- _Task directions_
Take the line with "南屯富人區單元二臨路電梯豪墅房屋室內格局與周邊環境" as the first and the last line of the data as the end. Write out both and every line between exactly, except pictures.

Pictures with short captions
Start of Block
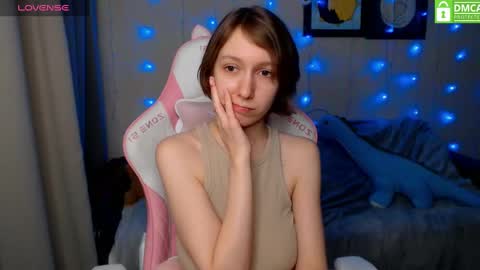 Snapshot of leah__gotty chatting on 13, 12, 2024 Leah Gotty online show from 13, 12, 2024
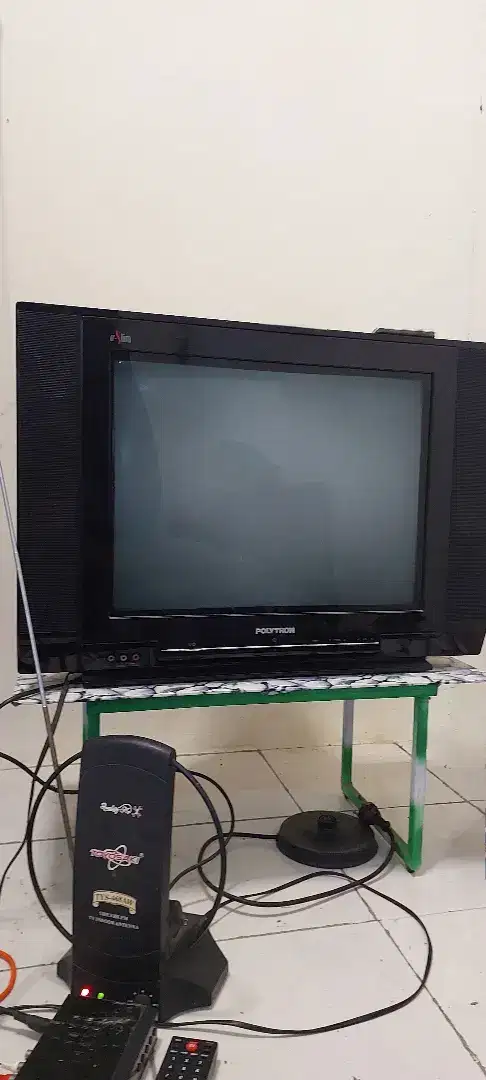 TV Polytron tabung U-Slim 21 inch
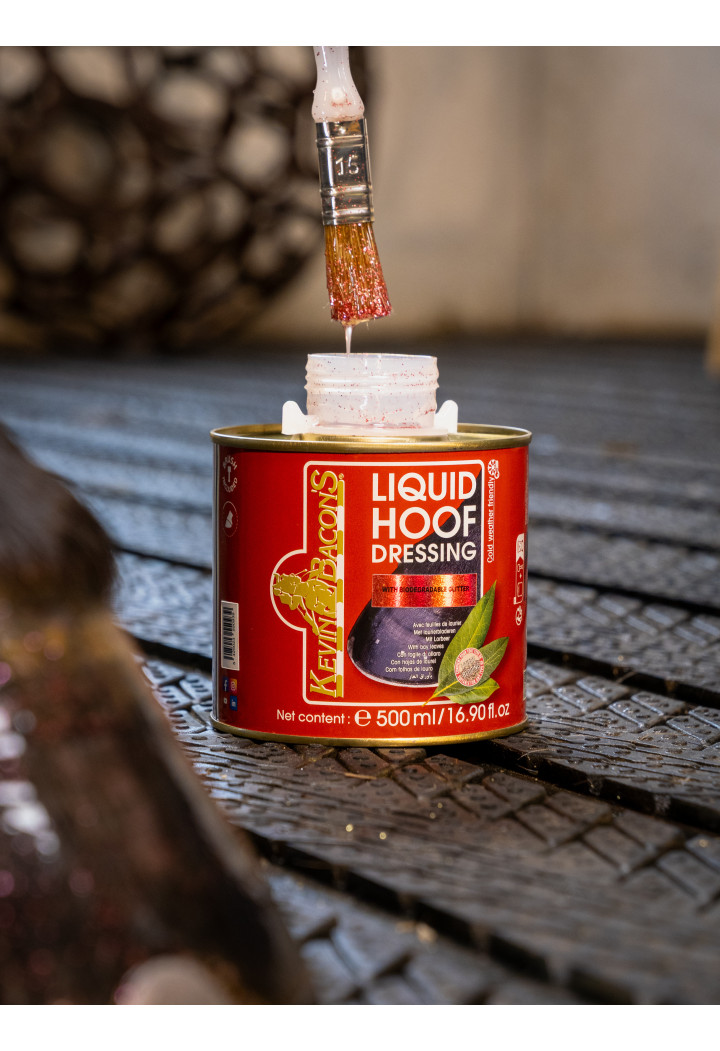 Olio per zoccoli KEVIN BACON'S Liquid Hoof rosa con glitter 500ml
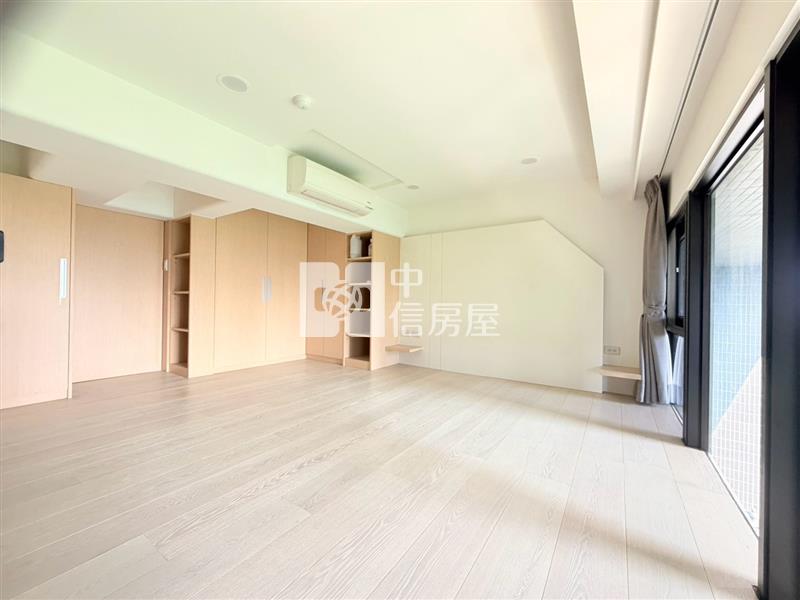 南屯富人區單元二臨路電梯豪墅房屋室內格局與周邊環境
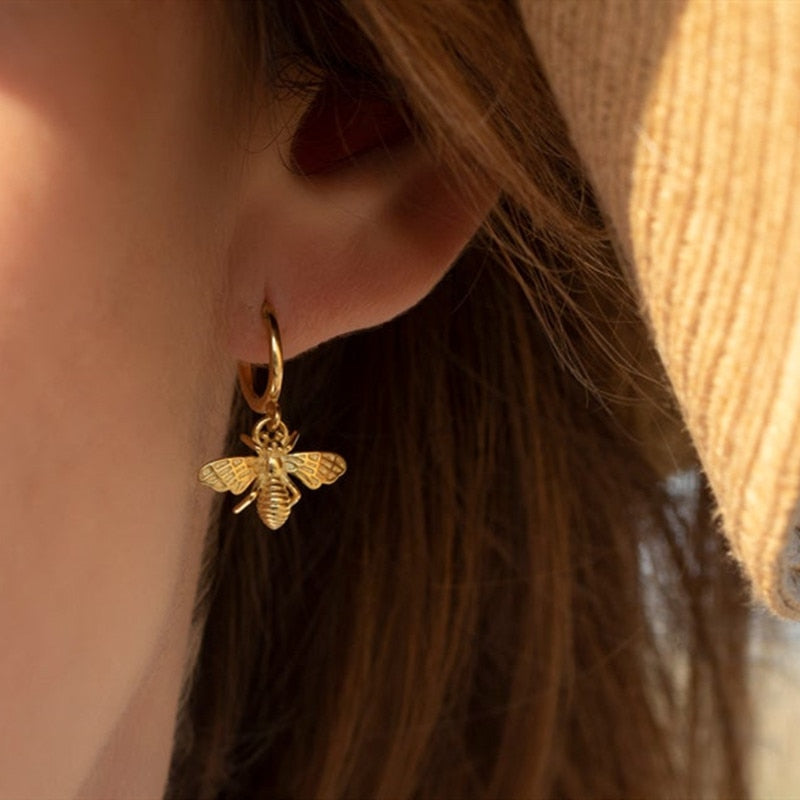 Women's Solid Bee Earrings - Different Drips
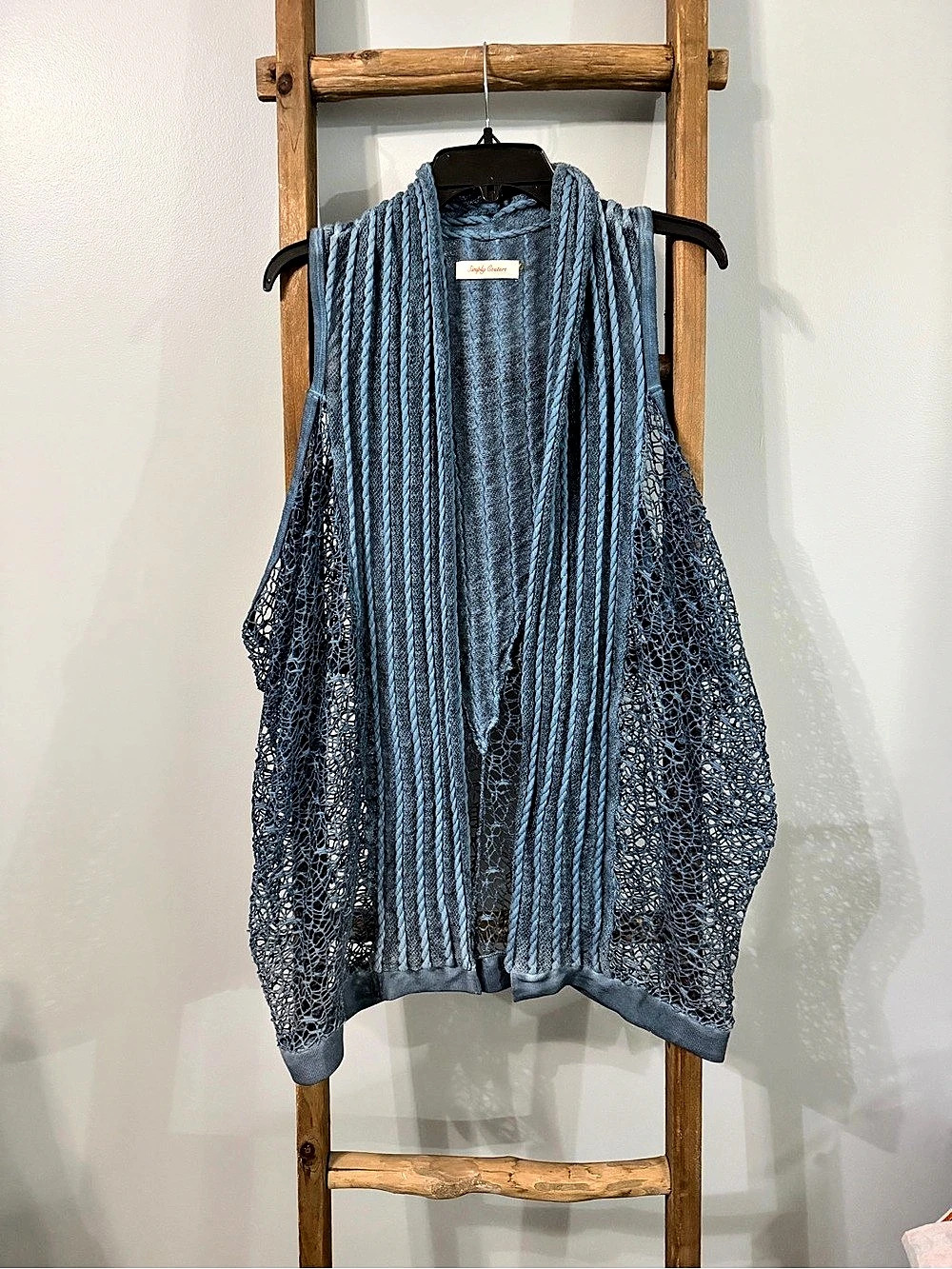 Simply Couture Blue Lace Knit Shrug Size Medium Like New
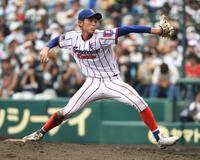 力投する下関国際・仲井慎＝甲子園球場（撮影・石井剣太郎）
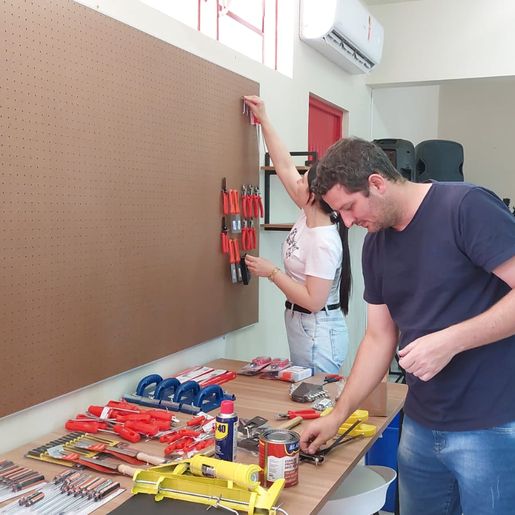 Colégio Claudino Crestani recebe aparelhos para implantar Sala Maker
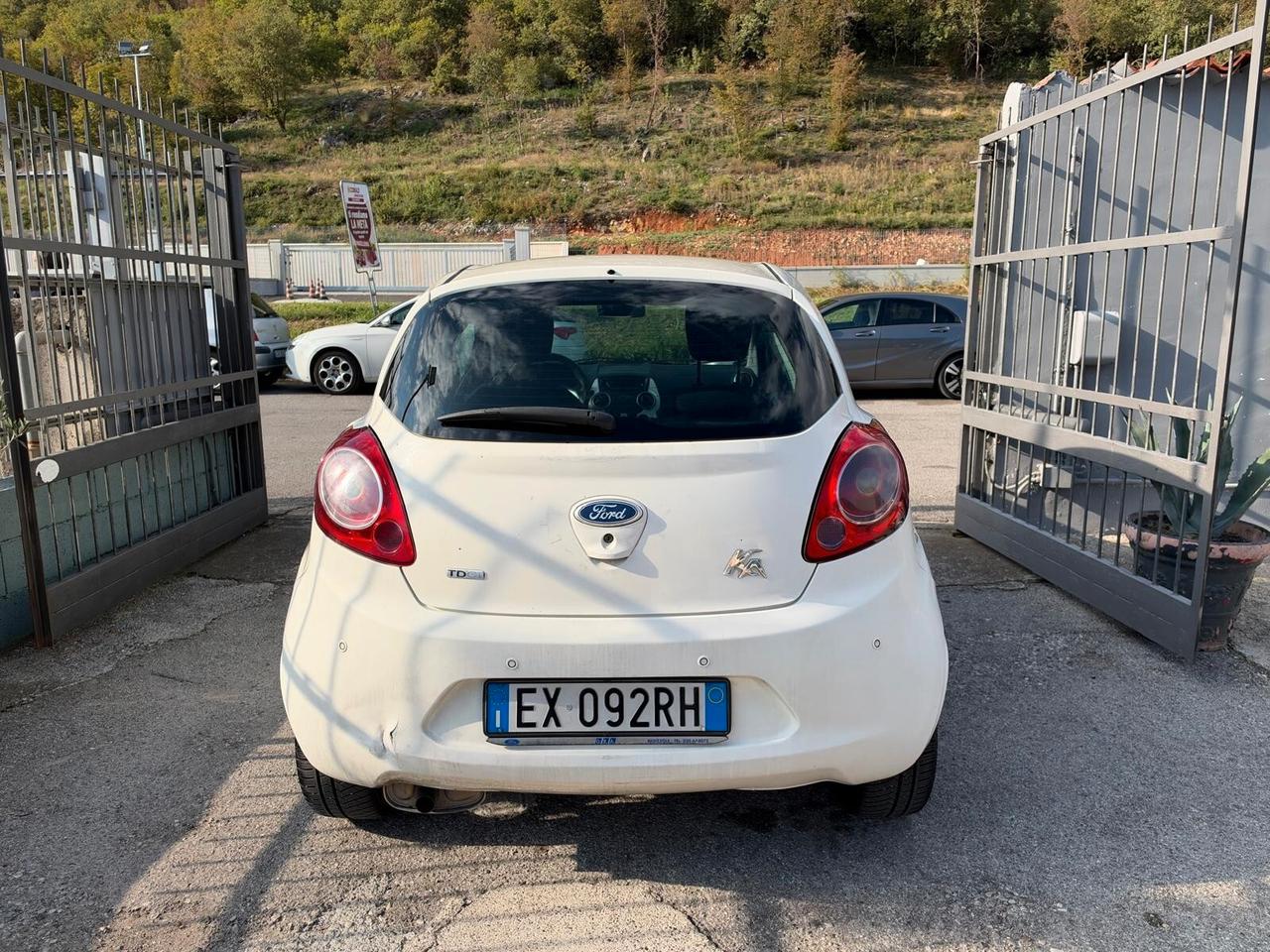 Ford KA 1.3 TDCi TITANIUM OK NEOP.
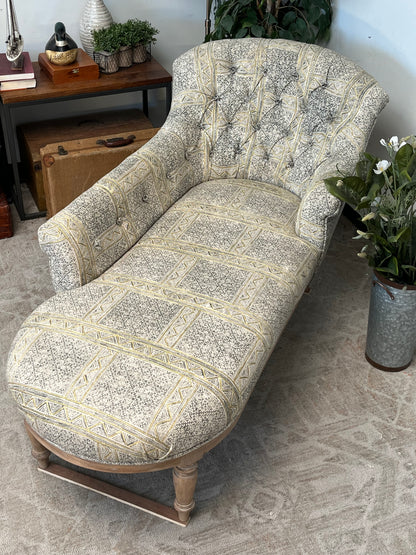 Modern Right-Arm Chaise Lounge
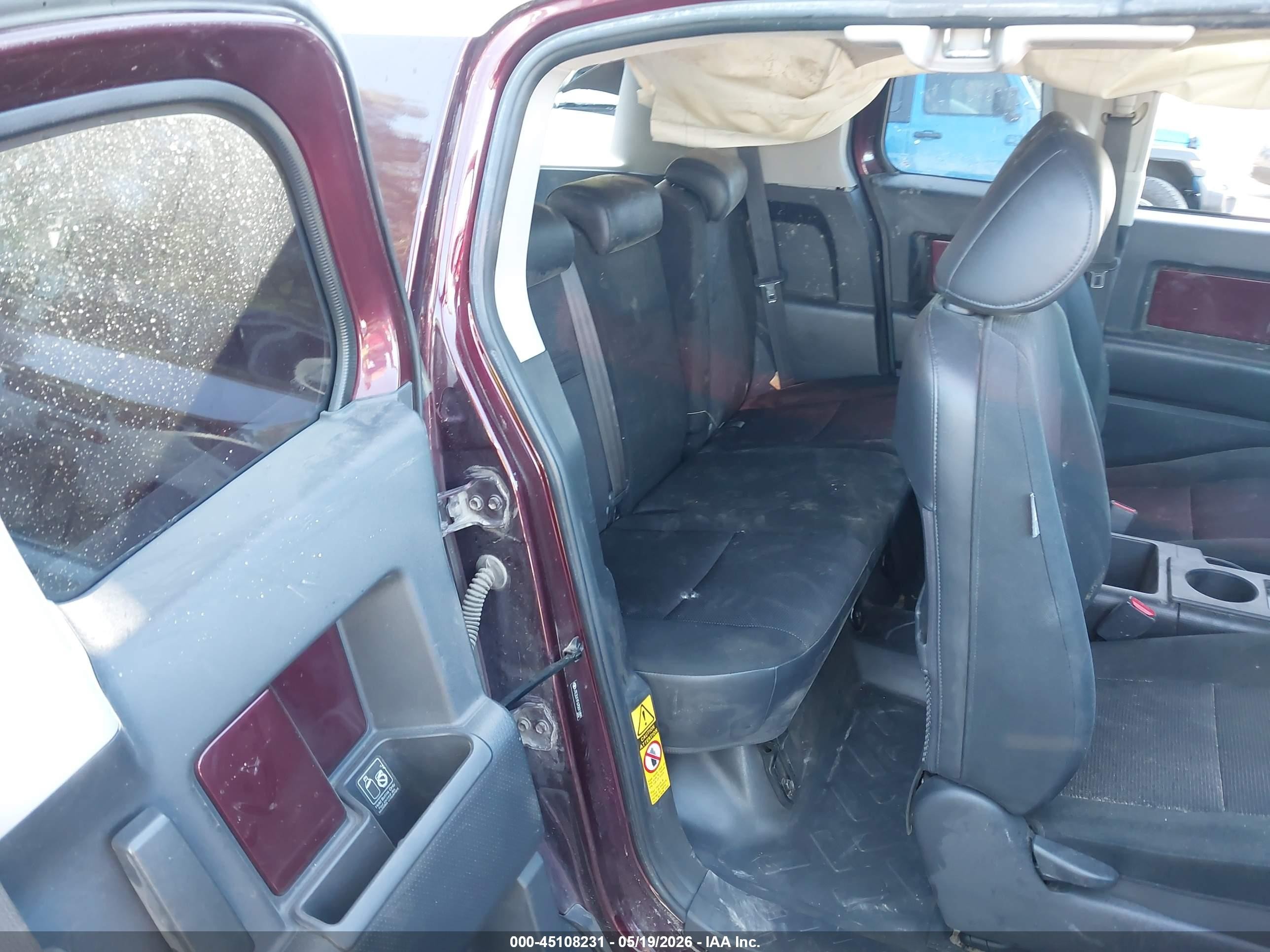 2007 Toyota Fj Cruiser   Burgundy vin: JTEZU11F670011899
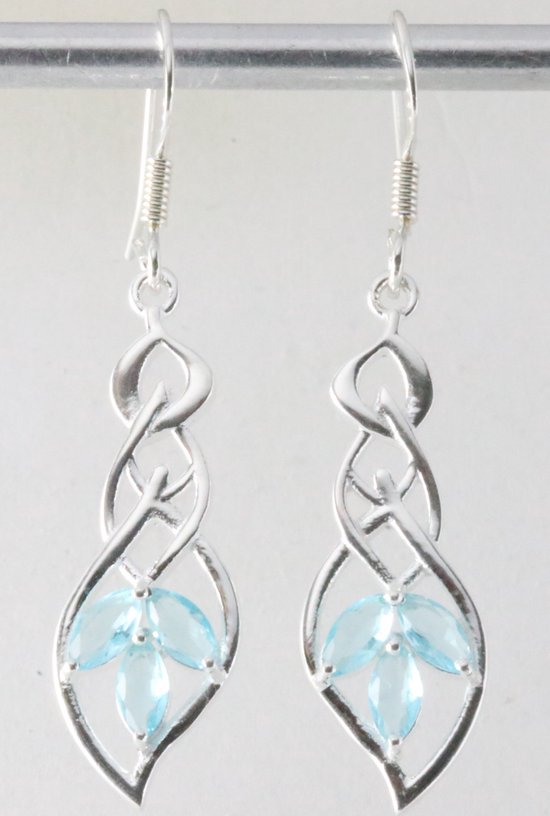 Opengewerkte zilveren oorbellen met blauwe topaas afbeelding 1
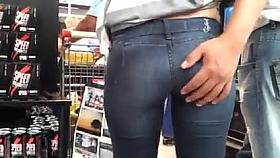 exquisito culo en jeans apretadito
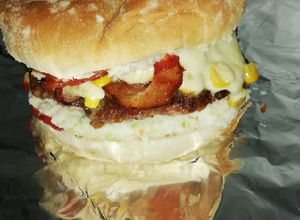 Una foto de Hamburguesa casera con pan artesanal Bimbo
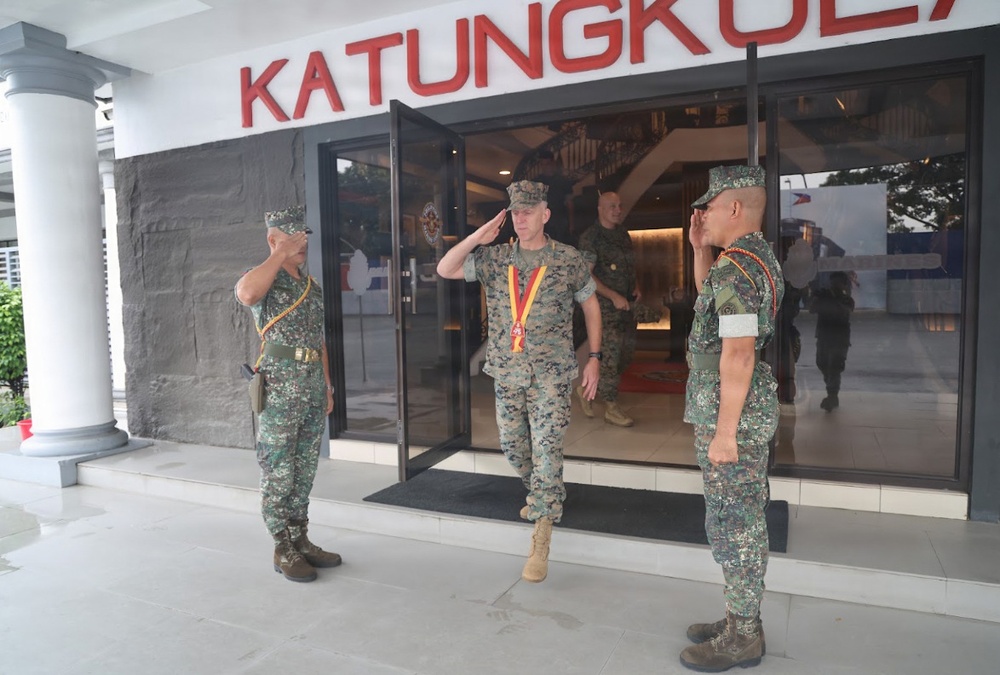 I MEF Commanding General Visits Philippine Marine Corps Commandant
End of Block
- _Written response_
 南屯富人區單元二臨路電梯豪墅房屋室內格局與周邊環境
 Women's Solid Bee Earrings - Different Drips
 Simply Couture Blue Lace Knit Shrug Size Medium Like New
 力投する下関国際・仲井慎＝甲子園球場（撮影・石井剣太郎）
 Colégio Claudino Crestani recebe aparelhos para implantar Sala Maker
 Ford KA 1.3 TDCi TITANIUM OK NEOP.
 Modern Right-Arm Chaise Lounge
 2007 Toyota Fj Cruiser   Burgundy vin: JTEZU11F670011899
 Opengewerkte zilveren oorbellen met blauwe topaas afbeelding 1
 exquisito culo en jeans apretadito
 Una foto de Hamburguesa casera con pan artesanal Bimbo
 I MEF Commanding General Visits Philippine Marine Corps Commandant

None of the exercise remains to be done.